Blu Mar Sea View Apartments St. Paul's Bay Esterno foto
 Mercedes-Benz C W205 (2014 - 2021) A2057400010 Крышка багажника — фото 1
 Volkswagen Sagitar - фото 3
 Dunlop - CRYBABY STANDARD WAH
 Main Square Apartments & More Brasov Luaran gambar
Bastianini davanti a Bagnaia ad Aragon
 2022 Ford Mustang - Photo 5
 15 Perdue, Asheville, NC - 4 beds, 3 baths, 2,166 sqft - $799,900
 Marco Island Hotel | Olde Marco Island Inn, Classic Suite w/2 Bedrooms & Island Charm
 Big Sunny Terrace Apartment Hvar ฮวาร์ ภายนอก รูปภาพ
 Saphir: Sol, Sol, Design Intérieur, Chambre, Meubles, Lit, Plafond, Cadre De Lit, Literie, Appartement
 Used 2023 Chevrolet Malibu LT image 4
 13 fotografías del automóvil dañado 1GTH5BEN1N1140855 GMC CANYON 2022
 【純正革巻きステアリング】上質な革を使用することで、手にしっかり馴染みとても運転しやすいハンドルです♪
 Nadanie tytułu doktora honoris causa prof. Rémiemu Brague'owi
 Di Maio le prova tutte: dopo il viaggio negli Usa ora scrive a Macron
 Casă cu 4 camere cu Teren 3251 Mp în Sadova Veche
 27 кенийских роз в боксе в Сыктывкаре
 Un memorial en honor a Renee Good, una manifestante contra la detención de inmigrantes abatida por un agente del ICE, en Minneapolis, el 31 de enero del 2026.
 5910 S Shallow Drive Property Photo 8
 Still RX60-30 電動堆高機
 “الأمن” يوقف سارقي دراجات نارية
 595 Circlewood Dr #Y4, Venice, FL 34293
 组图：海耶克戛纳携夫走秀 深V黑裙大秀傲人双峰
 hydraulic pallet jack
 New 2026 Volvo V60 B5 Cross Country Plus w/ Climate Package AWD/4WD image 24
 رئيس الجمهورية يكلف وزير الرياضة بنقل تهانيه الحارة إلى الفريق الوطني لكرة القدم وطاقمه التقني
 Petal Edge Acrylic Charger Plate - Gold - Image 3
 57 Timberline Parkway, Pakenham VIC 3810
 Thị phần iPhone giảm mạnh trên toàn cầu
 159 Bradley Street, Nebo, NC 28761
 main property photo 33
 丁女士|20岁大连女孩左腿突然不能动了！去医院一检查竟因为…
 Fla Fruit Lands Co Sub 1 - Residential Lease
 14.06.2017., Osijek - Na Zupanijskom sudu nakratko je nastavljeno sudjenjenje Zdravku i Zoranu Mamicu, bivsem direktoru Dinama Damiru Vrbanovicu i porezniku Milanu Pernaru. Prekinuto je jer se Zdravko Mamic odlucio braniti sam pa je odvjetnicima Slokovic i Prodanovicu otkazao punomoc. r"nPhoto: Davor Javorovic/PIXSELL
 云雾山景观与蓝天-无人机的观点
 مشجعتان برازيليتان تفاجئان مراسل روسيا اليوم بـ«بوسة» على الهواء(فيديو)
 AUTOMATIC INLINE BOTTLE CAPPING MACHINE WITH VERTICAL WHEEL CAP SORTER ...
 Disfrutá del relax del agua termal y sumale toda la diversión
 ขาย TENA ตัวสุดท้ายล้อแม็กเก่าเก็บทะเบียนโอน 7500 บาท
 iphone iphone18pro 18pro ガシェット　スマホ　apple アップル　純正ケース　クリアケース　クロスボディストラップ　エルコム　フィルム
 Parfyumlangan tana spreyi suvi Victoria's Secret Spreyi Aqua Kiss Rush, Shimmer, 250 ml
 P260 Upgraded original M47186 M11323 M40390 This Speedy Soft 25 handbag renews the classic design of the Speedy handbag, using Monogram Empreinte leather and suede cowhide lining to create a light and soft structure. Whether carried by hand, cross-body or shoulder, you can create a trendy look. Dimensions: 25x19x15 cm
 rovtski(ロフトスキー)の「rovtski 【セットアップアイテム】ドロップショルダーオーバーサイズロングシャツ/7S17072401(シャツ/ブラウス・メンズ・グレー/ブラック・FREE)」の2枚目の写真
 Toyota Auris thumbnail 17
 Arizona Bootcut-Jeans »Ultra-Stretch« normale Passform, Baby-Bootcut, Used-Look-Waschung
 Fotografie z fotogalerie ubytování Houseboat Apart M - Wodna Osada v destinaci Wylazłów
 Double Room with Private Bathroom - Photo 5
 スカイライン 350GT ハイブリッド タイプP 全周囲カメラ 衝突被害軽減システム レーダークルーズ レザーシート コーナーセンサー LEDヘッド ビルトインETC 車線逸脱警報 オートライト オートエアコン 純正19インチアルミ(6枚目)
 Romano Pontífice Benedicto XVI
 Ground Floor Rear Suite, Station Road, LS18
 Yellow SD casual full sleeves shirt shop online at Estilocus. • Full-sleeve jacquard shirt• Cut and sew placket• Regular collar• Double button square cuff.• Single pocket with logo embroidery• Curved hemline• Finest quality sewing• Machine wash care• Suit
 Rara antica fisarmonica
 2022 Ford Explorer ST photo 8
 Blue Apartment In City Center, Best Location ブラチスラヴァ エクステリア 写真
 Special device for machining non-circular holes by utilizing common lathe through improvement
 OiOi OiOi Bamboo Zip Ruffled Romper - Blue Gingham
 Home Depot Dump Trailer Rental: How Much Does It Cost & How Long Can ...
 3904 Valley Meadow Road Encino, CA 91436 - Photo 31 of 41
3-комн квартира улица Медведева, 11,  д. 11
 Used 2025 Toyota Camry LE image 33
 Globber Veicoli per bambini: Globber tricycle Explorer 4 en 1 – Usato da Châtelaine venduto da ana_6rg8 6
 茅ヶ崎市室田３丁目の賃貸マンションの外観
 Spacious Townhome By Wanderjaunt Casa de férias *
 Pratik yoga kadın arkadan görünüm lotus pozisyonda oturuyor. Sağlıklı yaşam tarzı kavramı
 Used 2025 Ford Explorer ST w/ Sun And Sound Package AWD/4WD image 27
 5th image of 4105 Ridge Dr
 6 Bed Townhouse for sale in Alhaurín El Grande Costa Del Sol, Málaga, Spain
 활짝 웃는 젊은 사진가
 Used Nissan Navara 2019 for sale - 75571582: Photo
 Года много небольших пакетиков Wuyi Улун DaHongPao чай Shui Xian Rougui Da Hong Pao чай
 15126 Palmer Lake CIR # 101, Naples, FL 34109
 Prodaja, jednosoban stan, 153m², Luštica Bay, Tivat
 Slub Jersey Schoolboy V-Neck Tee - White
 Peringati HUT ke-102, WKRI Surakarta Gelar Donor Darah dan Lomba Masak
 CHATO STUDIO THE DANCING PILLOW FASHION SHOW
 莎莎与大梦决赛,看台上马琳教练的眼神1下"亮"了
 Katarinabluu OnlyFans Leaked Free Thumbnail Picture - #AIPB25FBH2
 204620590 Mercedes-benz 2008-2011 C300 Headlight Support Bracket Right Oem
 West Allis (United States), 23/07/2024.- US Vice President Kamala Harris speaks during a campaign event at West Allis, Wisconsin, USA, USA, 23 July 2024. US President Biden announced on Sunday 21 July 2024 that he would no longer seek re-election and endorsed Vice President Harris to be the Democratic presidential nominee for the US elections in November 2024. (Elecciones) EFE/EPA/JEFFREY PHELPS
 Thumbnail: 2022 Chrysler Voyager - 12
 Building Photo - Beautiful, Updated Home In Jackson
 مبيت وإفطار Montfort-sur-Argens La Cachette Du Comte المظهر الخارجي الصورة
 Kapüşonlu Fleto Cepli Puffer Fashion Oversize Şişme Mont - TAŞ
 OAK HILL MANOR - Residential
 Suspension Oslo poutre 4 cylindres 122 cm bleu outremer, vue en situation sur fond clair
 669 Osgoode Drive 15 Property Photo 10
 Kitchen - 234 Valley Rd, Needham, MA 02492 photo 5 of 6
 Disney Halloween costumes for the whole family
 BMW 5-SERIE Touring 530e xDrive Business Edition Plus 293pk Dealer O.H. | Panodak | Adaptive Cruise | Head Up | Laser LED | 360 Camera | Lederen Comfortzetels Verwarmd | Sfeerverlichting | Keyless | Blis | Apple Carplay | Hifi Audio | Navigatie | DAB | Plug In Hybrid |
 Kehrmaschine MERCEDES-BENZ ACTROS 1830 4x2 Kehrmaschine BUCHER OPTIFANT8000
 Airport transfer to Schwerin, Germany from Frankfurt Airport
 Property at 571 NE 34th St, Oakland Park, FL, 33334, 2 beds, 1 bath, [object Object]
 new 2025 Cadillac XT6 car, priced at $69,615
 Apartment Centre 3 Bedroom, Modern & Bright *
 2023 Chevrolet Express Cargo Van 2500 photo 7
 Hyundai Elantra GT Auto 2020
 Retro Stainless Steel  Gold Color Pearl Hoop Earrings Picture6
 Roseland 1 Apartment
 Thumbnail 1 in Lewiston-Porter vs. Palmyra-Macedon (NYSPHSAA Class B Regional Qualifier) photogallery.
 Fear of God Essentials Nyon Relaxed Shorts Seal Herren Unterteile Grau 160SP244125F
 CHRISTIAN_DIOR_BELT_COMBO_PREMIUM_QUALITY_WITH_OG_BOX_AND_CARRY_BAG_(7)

Exercise. Taking the lines of the listing one by one, count those that contain "sale", and answer with the number only.

Answer. 2